To achieve these objectives, the City adopted its STR ordinance in 2016. One section of the ordinance imposed a ban on “type 2” short term rentals (with all such rentals to be eliminated by 2022). Under the 2016 STR ordinance, a “type 2” property is a single-family residence that “is not owner-occupied and is not associated with an owner-occupied principal residential unit.”
A group of property owners sued the City in an effort to have the ordinance invalidated violative of their constitutional rights to privacy, freedom of assembly and association, due course of law, equal protection, and freedom from unwarranted searches. See Tex. Const. art. I, §§ 3 (equal protection), 9 (searches), 19 (due course of law), 27 (assembly). The State of Texas intervened in the case, arguing that the termination of type-2 operating licenses by 2022 is unconstitutional as a retroactive law and an uncompensated taking of private property. See Tex. Const. art. I, §§ 16 (retroactive laws), 17 (takings)
More specifically, the State argued that the ordinance provision terminating all type-2 operating licenses is retroactive because it “tak[es] away th[e] fundamental and settled property right” to lease one’s real estate under the most desirable terms.
The Appeals Court’s Ruling
The Court determined that abolishing type-2 permits would eliminate well-established and settled property rights that existed before the ordinance’s adoption.
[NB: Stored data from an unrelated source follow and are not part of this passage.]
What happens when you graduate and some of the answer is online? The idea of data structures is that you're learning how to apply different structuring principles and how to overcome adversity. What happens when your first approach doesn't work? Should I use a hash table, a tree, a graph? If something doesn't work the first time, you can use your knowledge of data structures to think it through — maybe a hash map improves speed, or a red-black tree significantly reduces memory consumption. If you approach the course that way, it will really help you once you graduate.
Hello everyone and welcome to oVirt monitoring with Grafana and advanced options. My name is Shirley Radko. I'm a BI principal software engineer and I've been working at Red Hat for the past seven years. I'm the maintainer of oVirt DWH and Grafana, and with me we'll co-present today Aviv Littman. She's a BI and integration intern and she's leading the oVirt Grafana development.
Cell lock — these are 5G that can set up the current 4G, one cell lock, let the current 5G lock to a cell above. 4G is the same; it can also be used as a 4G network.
In reaching this determination, the Court observes that “nothing in the record supports a conclusion that a ban on type- 2 rentals would resolve or prevent the stated concerns.”
Moreover, the Court noted that the City had not offered evidence showing “that these issues have been problems with or specific to short-term rentals in the past. To the contrary, the record shows that, in the four years preceding the adoption of the ordinance, the City did not issue a single citation to a licensed short-term rental owner or guest for violating the City’s noise, trash, or parking ordinances.”
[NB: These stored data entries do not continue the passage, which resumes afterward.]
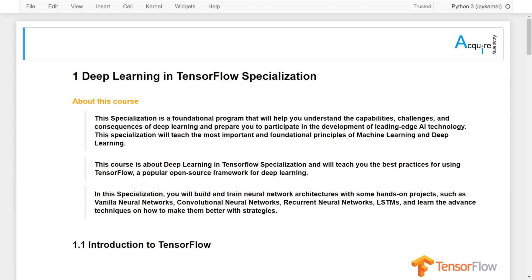In these specializations, you will build and train neural network architectures with some hands-on projects, such as Vanilla Neural Networks, Convolutional Neural Networks, Recurrent Neural Networks, LSTMs, and also learn the advanced techniques on how to make them better with strategies. Everything is prepared in Jupyter Notebooks in these specializations. The notes and the programming exercises are fully prepared within a single notebook for each of the chapters, so that you will have the best learning environment when you go through the entire specializations.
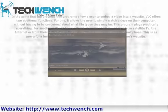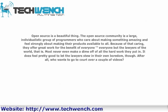Open source is a beautiful thing. The open source community is a large, individualistic group of programmers who care about making something amazing and feel strongly about making their products available to all. Because of that caring, they offer great work for the benefit of everyone — everyone but the lawyers of the world, that is. Most never even make a dime off of all the hard work they put in. It does feel pretty good to let the lawyers do their own thing, though. After all, who wants to go to court over a couple of videos?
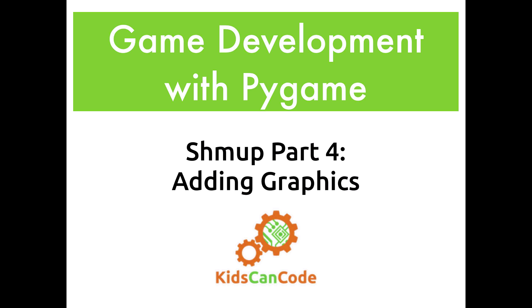Welcome back to our Pygame game development series. This is part four of our shmup game. This time we're going to be adding graphics to the game.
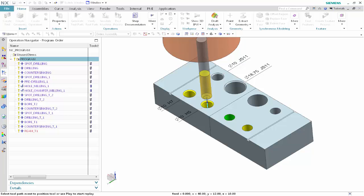This concludes the demonstration of how you can teach operation sets and apply machining rules to machine a part. Thank you.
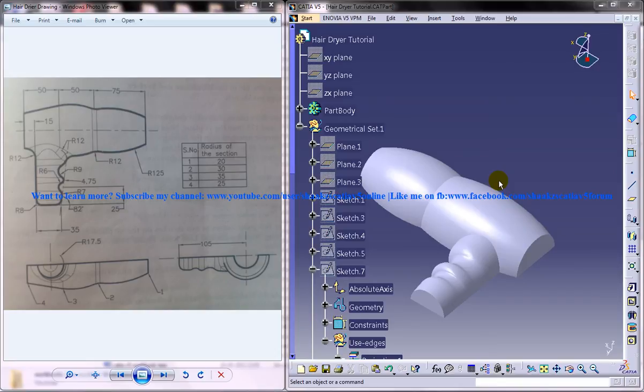Hi friends, this is Mohammed Shakeel here and in this tutorial I am going to show you how you can design a hair dryer in CATIA V5.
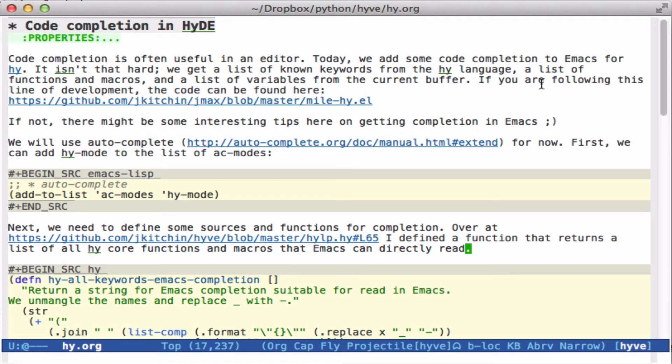All right, today we're going to look at code completion in Hy. The basic idea that we're going to implement, using autocomplete, is some code completion. It's not that difficult to do.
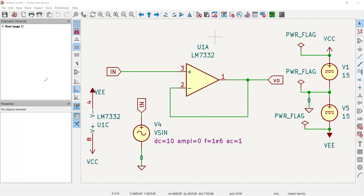Welcome back. We continue to explore KiCad, which is a free open source software for electronic design. We have covered many topics so far using KiCad and its powerful simulator, which is ngspice. We performed a range of analyses using different circuit configurations and have provided a lot of useful information.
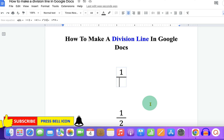Now type the number in the denominator on your keyboard.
In what many will consider the most important sentence of the opinion, the Court concluded that “owners of type-2 rental properties have a settled interest in their right to lease their property short term.”
The second component of the Opinion relates to the ordinance’s violation of Constitutionally-guaranteed rights to assembly.
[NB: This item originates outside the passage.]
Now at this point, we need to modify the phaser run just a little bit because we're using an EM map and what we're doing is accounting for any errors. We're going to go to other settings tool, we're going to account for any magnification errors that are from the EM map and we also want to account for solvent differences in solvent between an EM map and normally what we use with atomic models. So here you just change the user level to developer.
Curiously, a provision in the ordinance forbids property owners or tenants from using short-term rentals for assemblies of any kind between 10pm and 7am and for outside assemblies of more than six adults between 7am and 10pm; together with a ban on more than six unrelated adults (or ten related adults) from being present on the property at any time).
The Texas Constitution, however, plainly grants to citizens “the right to physically congregate, in a peaceable manner, for their shared welfare or benefit.” “Based on its prominence in the Texas Bill of Rights, its history in the founding of our country, and its early, and still valid, treatment by the U.S. Supreme Court, we hold that the right to assemble granted by the Texas Constitution is a fundamental right.” The Court further noted that — unlike most cases which involve limitations on the right to assemble on public property — the Austin STR ordinance implicates the freedom to assemble with the permission of the owner on private property. Thus, both property and privacy rights are invaded.
The involvement of the State in the lawsuit reveals that there is a political undertone to the legal war over short term rentals. The heart of the dispute, however, is grounded in the collision of competing rights among the stakeholders: STR owners, STR tenants, online marketplaces pairing owners and tenants, governmental regulators, neighboring landowners, and law enforcement.STRs are more prevalent that ever, and their popularity shows no sign of waning. Given the dollars at stake, the legal landscape over STR limitations — as imposed by governments, HOAs and neighbors — will continue to be shaped by intense litigation for the foreseeable future.